(Provided material Opens)

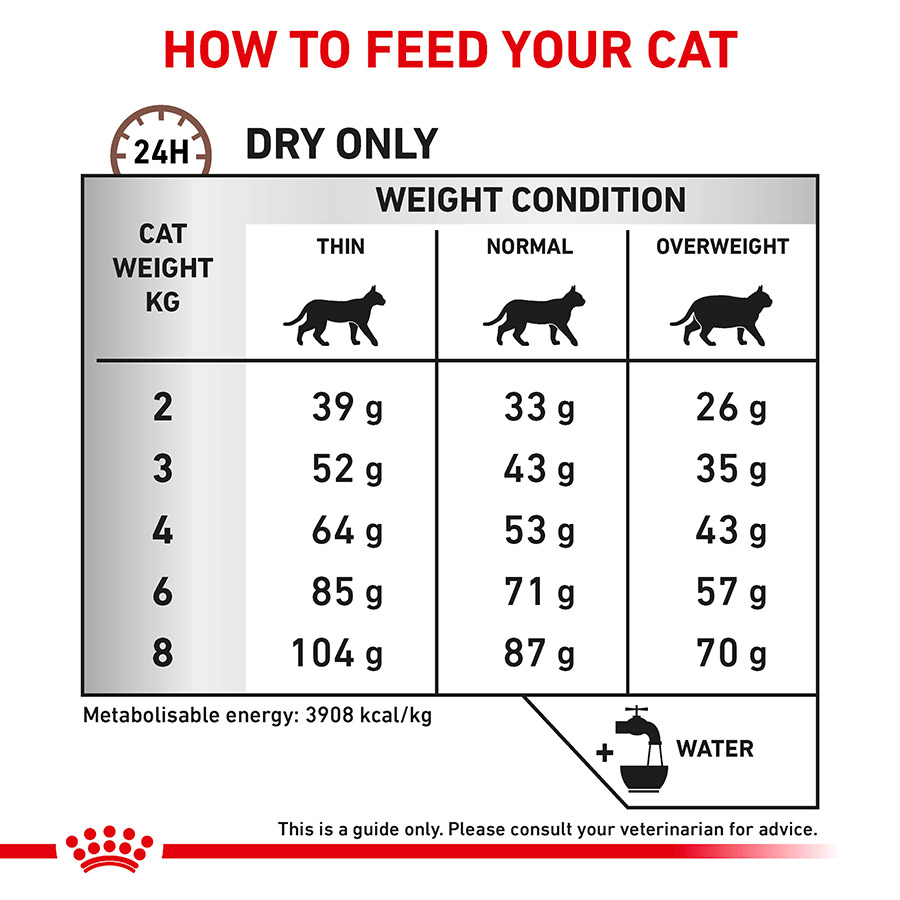 Royal Canin Veterinary Gastrointestinal Fibre Response Adult Cat Food Pets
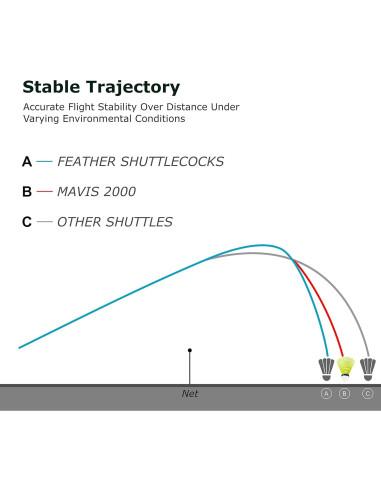 Volantes de Nylon YONEX Mavis 2000 Tapa Verde - Paquete de 6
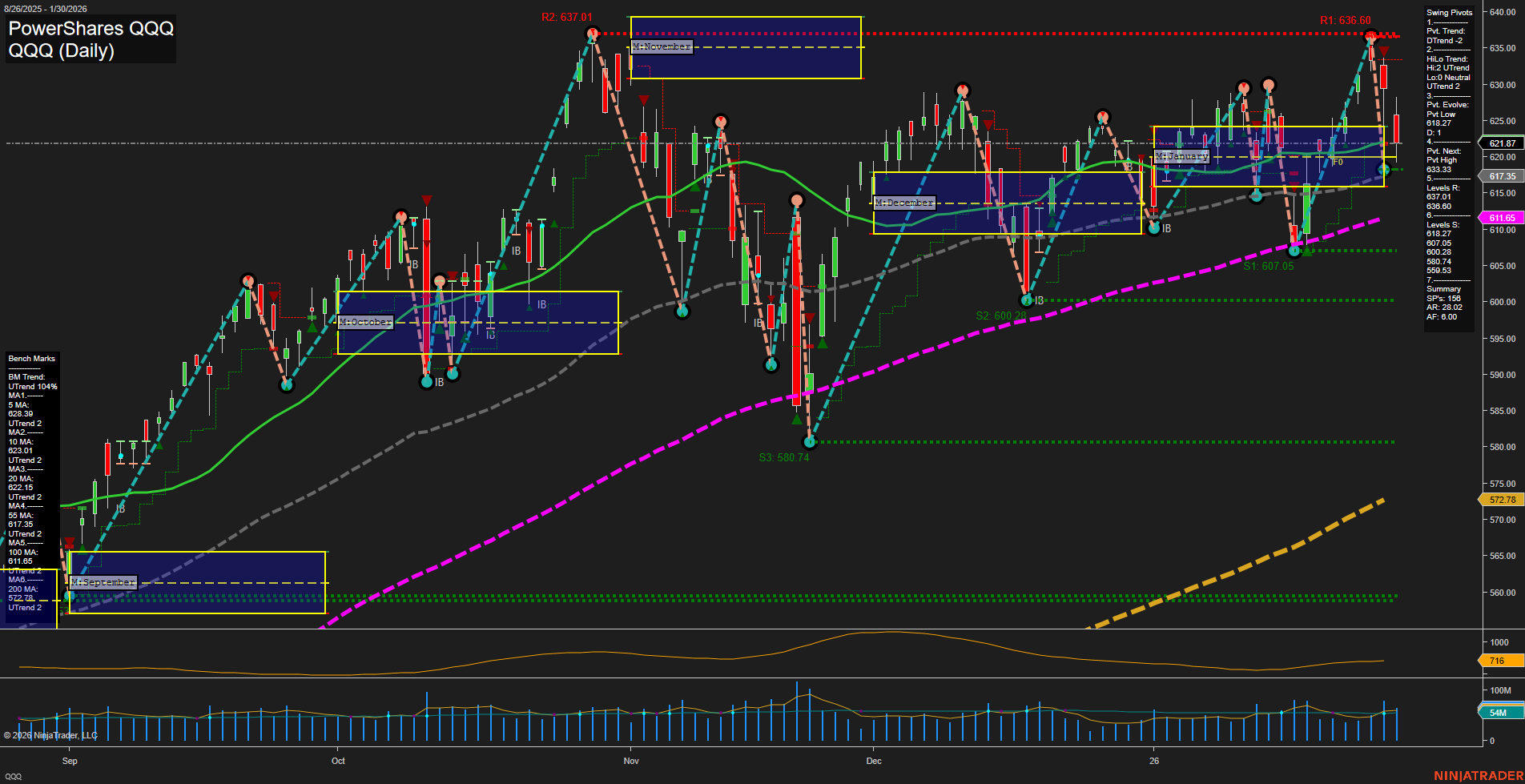 QQQ PowerShares QQQ Daily Chart Analysis: 2026-Feb-01 18:13 CT
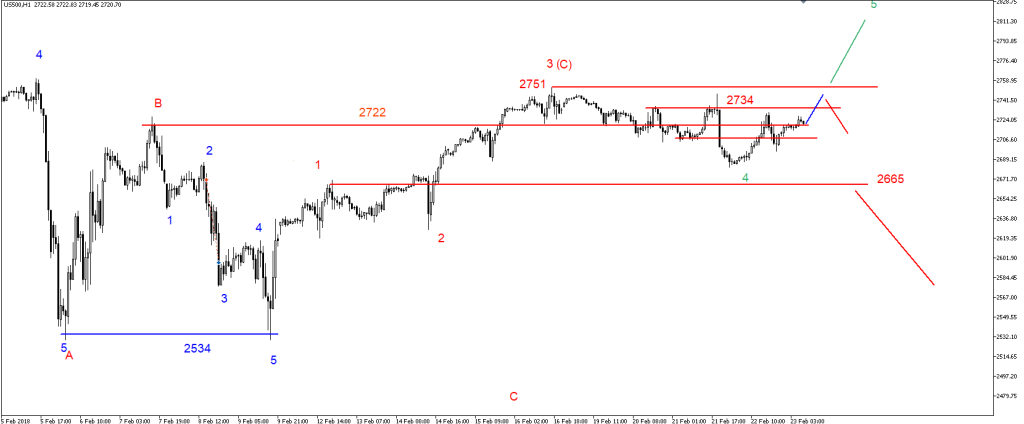 wykr2-SP50021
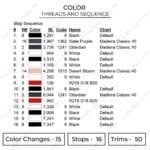 Kaneki Face - Tokyo Ghoul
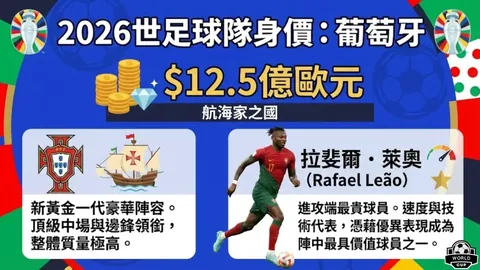 曼联惊险赢下纽卡挑战，控球率仅33.4%书写英超新传奇！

(Provided material Closes)

## Task
From the line with "wykr2-SP50021" through the final line of the records above, return each line exactly and nothing else. Pictures are to be skipped.

## Output for this task
 wykr2-SP50021
 Kaneki Face - Tokyo Ghoul
 曼联惊险赢下纽卡挑战，控球率仅33.4%书写英超新传奇！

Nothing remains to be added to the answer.